Um processo sucessório repentino e intenso. Foi assim com Manuella Curti de Souza, Diretora-geral do Grupo Europa, que aos 26 anos, após decisão colegiada dos sócios, passou a integrar a direção geral da empresa em março de 2011. Manuella assumiu a presidência da empresa sem aviso prévio. Em 2009, seu pai, com câncer há mais de 10 anos, ainda era o diretor comercial e presidente da empresa e preparava o irmão Dacio Jr para sucedê-lo nos negócios. Mas após o Natal daquele ano tudo mudou com o assassinato do irmão e o falecimento do seu pai seis meses depois.

Advogada formada na PUC/SP e pós-graduada em administração de empresas pelo Insper, chegou a trabalhar na empresa como estagiária de direito por dois anos e depois que se tornou advogada passou a atender as demandas da empresa e de outros clientes. Quando assumiu o controle geral, o primeiro passo foi escutar, um período de muito aprendizado e confiança de que iria dar certo. A superação dos desafios e obstáculos diários fizeram perceber que é necessário se voltar para dentro de si e buscar força e autenticidade interior.

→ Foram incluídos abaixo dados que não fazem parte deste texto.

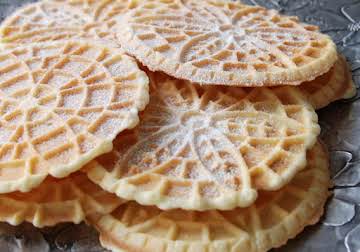 Italian Pizzelles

Entrevistada por Mauricio Goldstein para o blog da Corall Consultoria, Manuella detalha como está sendo desafiada a fazer a transformação nos negócios, sobre as disrupções que estão ocorrendo na área de purificadores de água e o propósito da empresa. Durante a conversa, a Diretora-geral do Grupo Europa também falou sobre liderança, sustentabilidade, inovação e a dificuldade como mulher empreendedora.

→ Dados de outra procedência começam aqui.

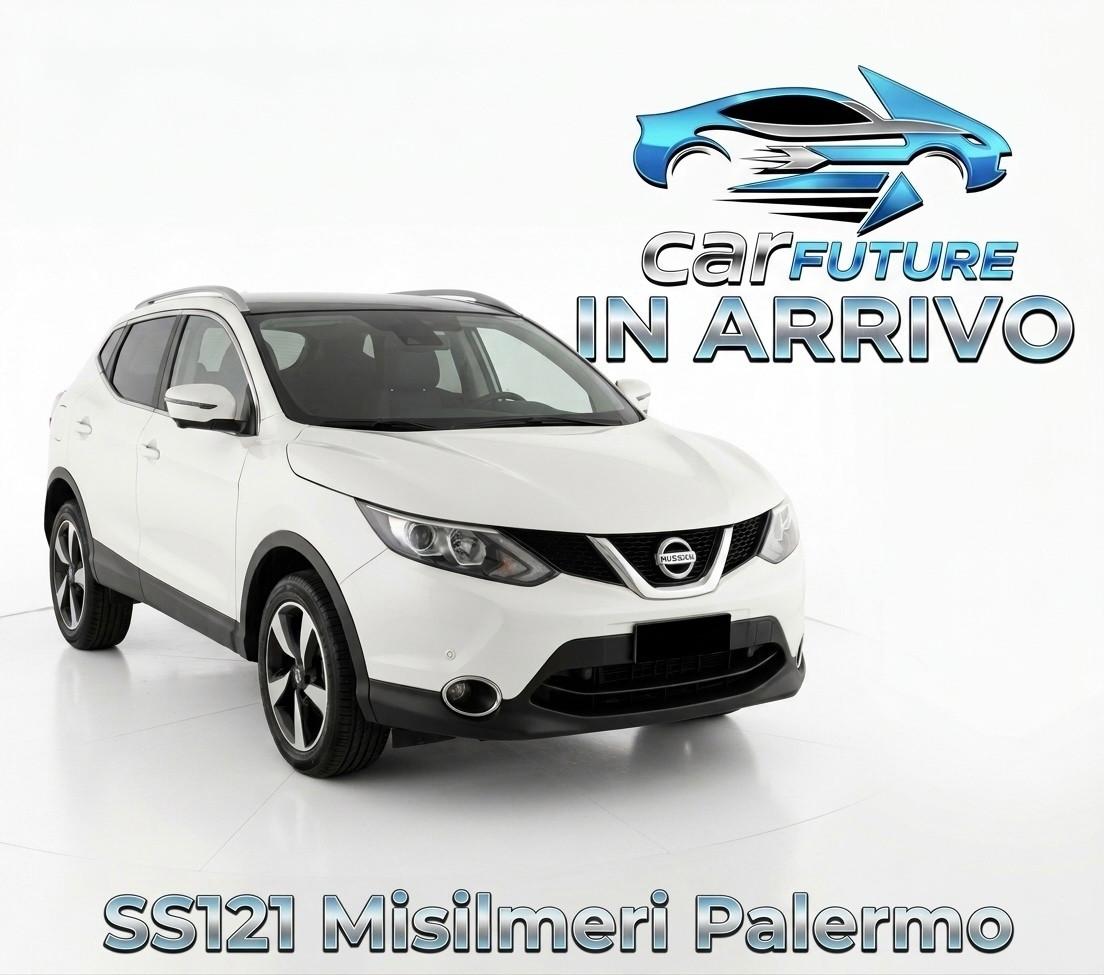Nissan Qashqai 1.6 DIG-T Tekna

”Antes da nossa marca vem o que queremos para o mundo. Isso tem a ver com tratamento de água e a forma que buscamos nos relacionar com pessoas e informação”.

Quais são as disrupções que estão ocorrendo na área de purificadores de água e como o Grupo Europa está lidando com isso?

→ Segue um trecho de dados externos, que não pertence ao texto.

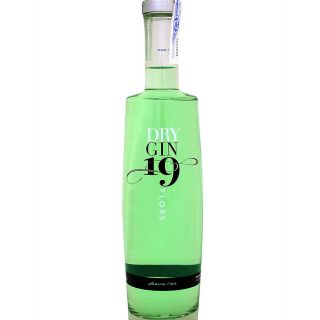 Dry Gin 19 Flors - Vinateria Tot Vi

M.C: Acho que em termos de tratamento de água temos muita tecnologia disponível. Esse é um campo que não para de aparecer coisa nova porque a água é algo vivo. Afinal, em cada país que você for terá um tipo de água nas casas. Isso quer dizer também que todo comportamento humano também influencia, por exemplo, o lixo que produzimos e toda questão da contaminação que reverbera no tipo de tratamento.

O Brasil tem mais de 30 milhões de pessoas sem saneamento básico. Esse é um mercado muito vivo que precisamos olhar de forma constante, considerando um cenário macro de comportamento. Se eu levar um produto nosso para Índia não vai dar muito certo. Temos hoje foco no cenário brasileiro e, por isso, nossa tecnologia atende muito bem nosso mercado.

Praticamente todas as inovações feitas na área de purificadores de água foram criadas por vocês. Qual é o propósito da empresa?

M.C: Fizemos um estudo de reposicionamento de marca, mais ou menos há cinco anos, que decidi realizar porque fui em uma palestra em que o palestrante perguntou: se sua empresa fechasse hoje, alguém sentiria falta dela? E por que sentiria falta? Essas perguntas me fizeram entender que precisava clarificar nosso propósito e fomos para dentro da empresa para entender.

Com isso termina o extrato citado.